The density matricies for statistical mixtures of horizontal and vertical polarizations are the same as for mixtures of diagonal and anti-diagonal mixtures, so there should be no experiment that behaves differently for each mixture. I had an idea about it that's got to be wrong and am hoping someone can point out the flaw(s) in my reasoning.

If the H/V mixture is sent to a double-slit experiment with quarter wave plates in front of the slits, one with the fast axis horizontal and the other vertical, H will keep its polarization but be delayed at one slit, V will also keep its polarization but be delayed at the other slit. This results in the interference patterns overlapping and becoming indistinguishable. Diagonal and anti-diagonal polarizations will get converted into left- and right-circular polarization at each slit and not interfere at all.

If a lens is in the zone where H and V interference happens (or lack of it for D/A), if will focus the light to images of the two slits.

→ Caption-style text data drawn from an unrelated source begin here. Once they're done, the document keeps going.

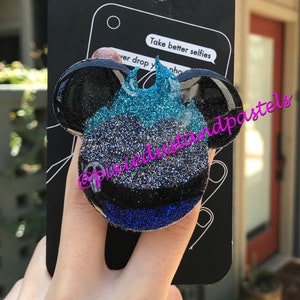 May include: A black and blue glitter PopSocket phone grip and stand with a Mickey Mouse design. The PopSocket is on a black background with the text "PopSockets phone grip & stand" and "Take better selfies".
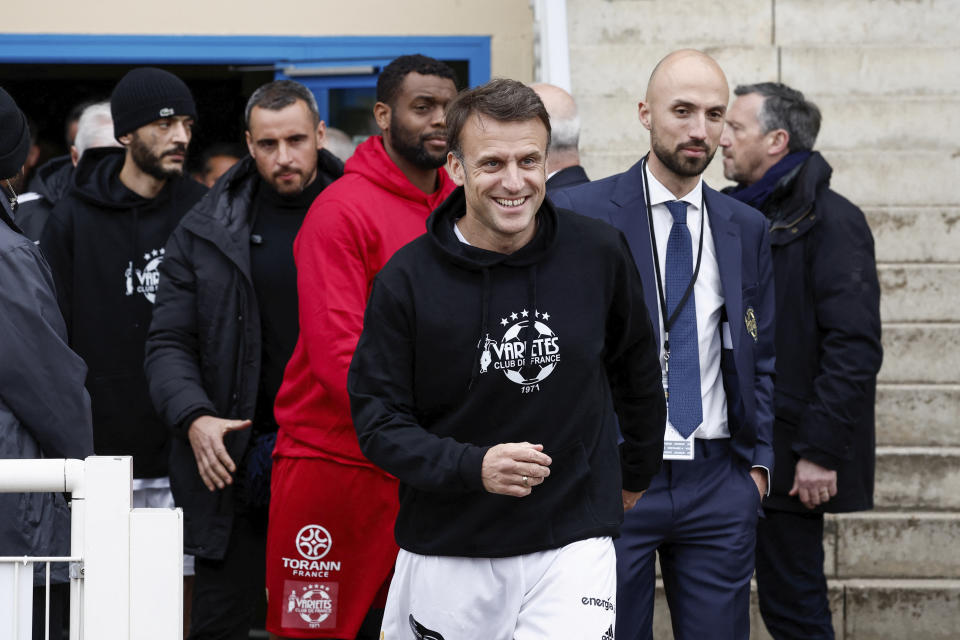 French President Emmanuel Macron arrives to participate in the Varietes Club charity football match to benefit children in hospital, at the Bernard Giroux stadium in Plaisir, outside Paris, Wednesday, April 24, 2024. (Benoit Tessier/Pool via AP)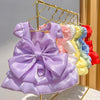 A purple solid color pet dress with a large bow and D-ring hanging on a gold hanger.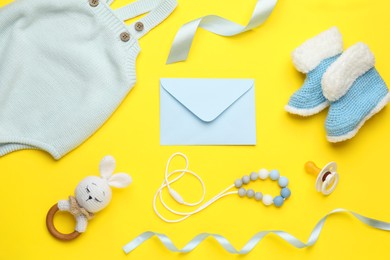 Photo of Envelope for baby shower, clothes and accessories on turquoise background, flat lay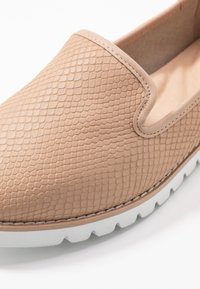 Scarpa beige slip-on realizzata in finta pelle testurizzata con motivo in pelle di serpente, dotata di una soletta imbottita e di una suola in gomma bianca.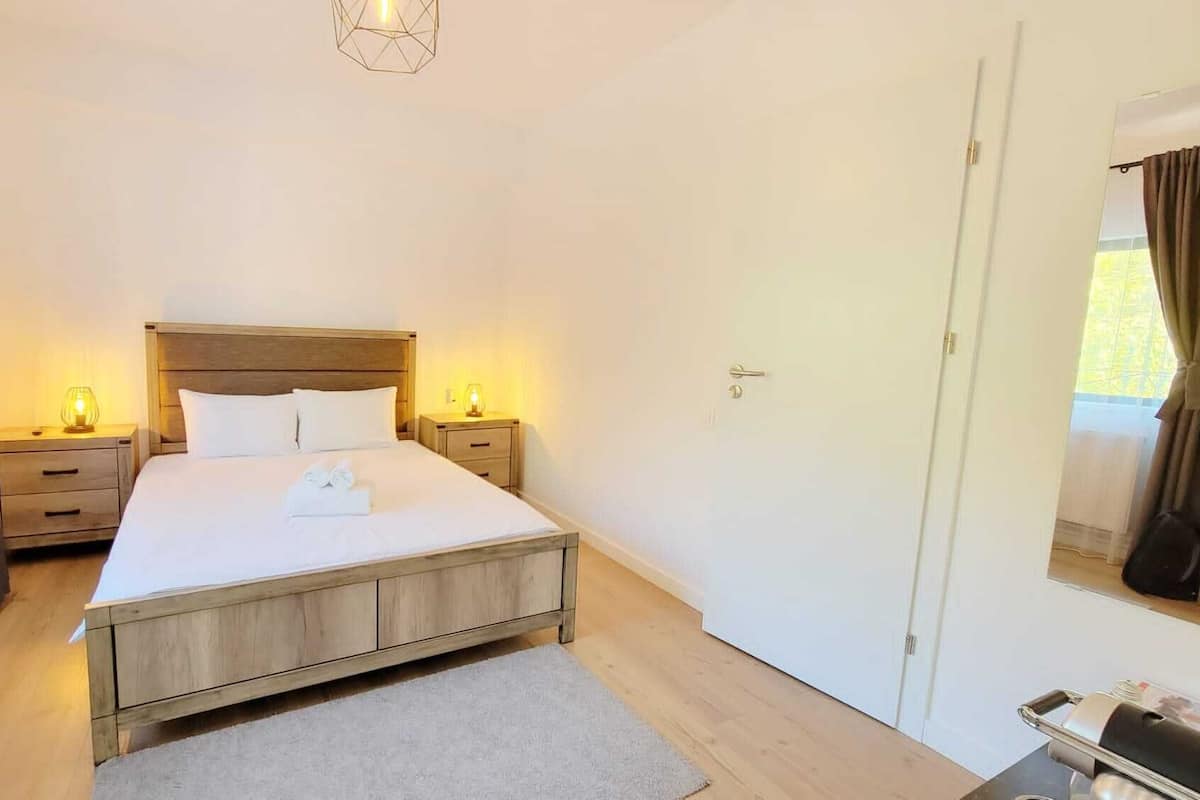 A bedroom with a wooden bed, white bedding, two bedside tables with lamps, a door, and a window with curtains.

For H/V, the light at each will be a mixture of H and V. For D and A, they get converted to circular and there ends up being a mixture of left- and right-circular polarization at each image.

If beam blocks, like wires or 3D-printed "jail bars" are put into the interference area such that they are where the bright fringes of one of the interference patterns are at, they will block most of that polarization in the H/V mixture but evenly block the circular polarization from D/A. At the images, they will get a lot of one polarization and little of the other for H/V but get an even mixture of left- and right-circular polarization for D/A. Putting H and V polarizers in the images and detecting light levers would then give different amounts of light for H/V and equal amounts of light for D/A.

That can't be. What am I doing wrong?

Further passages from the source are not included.